Mercado ilegal y vandalismo

El caso no es aislado. En julio de 2025, delincuentes robaron un brazo de la estatua de Albert Einstein en Cordón. También se registraron hurtos como el busto de Pierre de Coubertin en Parque Batlle. Estos episodios configuran un patrón, el bronce, por su valor en el mercado informal, se convierte en un objetivo frecuente.

El director de la Comisión de Patrimonio, Marcel Suárez, calificó estos hechos como un “suicidio cultural”, al entender que no solo se pierde material valioso, sino también símbolos que forman parte de la identidad colectiva. Además, cuestionó la levedad de las sanciones, que —según su visión— no logran disuadir este tipo de delitos.

Detrás de estos robos aparece una combinación de factores. Por un lado, el valor del bronce como metal reciclable, que puede ser reducido y vendido sin dejar rastros evidentes. Por otro, la vulnerabilidad de los espacios públicos, especialmente en horarios nocturnos y en zonas con escasa vigilancia.

Las esculturas, muchas veces de gran tamaño pero con anclajes relativamente accesibles, se convierten en blancos posibles para grupos organizados o incluso para delincuentes oportunistas. A esto se suma un contexto más amplio de vandalización del espacio público, que incluye grafitis, roturas y ocupaciones irregulares.

La respuesta oficial

Ante este escenario, la Intendencia de Montevideo comenzó a implementar una estrategia integral denominada “espacios cuidados”. El objetivo es abordar el problema desde múltiples dimensiones: prevención, vigilancia y recuperación del entorno urbano.

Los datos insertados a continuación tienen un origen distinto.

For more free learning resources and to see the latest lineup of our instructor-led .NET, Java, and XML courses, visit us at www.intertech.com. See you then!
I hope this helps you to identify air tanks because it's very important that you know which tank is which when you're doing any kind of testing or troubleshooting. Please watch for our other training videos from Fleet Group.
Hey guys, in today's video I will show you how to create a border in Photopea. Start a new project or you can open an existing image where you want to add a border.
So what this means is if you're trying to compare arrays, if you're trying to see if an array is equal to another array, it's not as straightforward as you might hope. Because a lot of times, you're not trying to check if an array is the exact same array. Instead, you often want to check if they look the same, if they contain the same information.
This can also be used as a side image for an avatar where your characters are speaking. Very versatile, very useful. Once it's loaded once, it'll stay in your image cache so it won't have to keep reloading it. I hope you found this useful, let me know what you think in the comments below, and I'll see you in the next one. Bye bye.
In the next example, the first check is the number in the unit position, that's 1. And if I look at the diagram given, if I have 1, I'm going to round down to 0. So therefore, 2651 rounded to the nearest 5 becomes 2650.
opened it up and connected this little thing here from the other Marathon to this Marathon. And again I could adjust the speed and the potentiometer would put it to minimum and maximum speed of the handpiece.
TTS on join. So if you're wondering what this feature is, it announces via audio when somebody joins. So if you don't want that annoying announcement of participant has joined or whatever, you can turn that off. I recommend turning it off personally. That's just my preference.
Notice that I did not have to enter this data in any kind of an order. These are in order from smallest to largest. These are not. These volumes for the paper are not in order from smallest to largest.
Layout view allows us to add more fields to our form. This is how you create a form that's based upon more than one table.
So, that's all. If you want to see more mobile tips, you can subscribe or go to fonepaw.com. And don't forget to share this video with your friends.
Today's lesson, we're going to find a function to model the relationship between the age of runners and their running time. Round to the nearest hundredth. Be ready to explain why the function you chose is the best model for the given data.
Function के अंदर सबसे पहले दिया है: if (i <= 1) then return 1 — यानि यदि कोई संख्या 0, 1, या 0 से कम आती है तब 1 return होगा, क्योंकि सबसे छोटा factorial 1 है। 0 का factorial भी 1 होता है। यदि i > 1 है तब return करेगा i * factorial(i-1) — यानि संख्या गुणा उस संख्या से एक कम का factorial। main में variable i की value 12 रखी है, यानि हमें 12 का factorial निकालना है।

Uno de los ejes principales es la incorporación de videovigilancia inteligente. No se trata solo de cámaras, sino de sistemas capaces de detectar comportamientos sospechosos. Por ejemplo, si una persona permanece demasiado tiempo manipulando un monumento, el sistema puede activar una alerta en tiempo real e incluso emitir advertencias mediante altavoces.

Además, se prevé reforzar la presencia de “cuidaparques”, funcionarios que combinan tareas de vigilancia con un rol de cercanía con la comunidad. Su función no es solo reportar incidentes, sino también promover el uso adecuado de los espacios públicos.

La mejora de la iluminación en zonas críticas es otro punto clave. Muchas de las sustracciones ocurren en condiciones de baja visibilidad, por lo que fortalecer la infraestructura lumínica actúa como medida disuasiva.

El plan incluye también mantenimiento constante —con cuadrillas dedicadas a limpieza y remoción de pintadas— y la recuperación de espacios ocupados irregularmente, en coordinación con políticas sociales.

Más allá del delito

La estrategia se complementa con un trabajo conjunto con el Ministerio del Interior, que se encarga de la respuesta policial. Mientras la Intendencia se enfoca en la prevención, la Policía actúa ante los delitos consumados.

Existe, además, un relevamiento detallado de los monumentos de la ciudad. En una primera etapa, se priorizan zonas de alto riesgo como el Prado, Parque Batlle, Parque Rodó y el Parque de las Esculturas, donde la extensión territorial y concentración de obras dificulta el control.

El robo de estatuas de bronce implica una pérdida económica pero también cada pieza sustraída representa un fragmento de memoria colectiva que desaparece. El desafío, por tanto, no se limita a reforzar la seguridad, sino a reconstruir el vínculo entre la ciudadanía y el espacio público.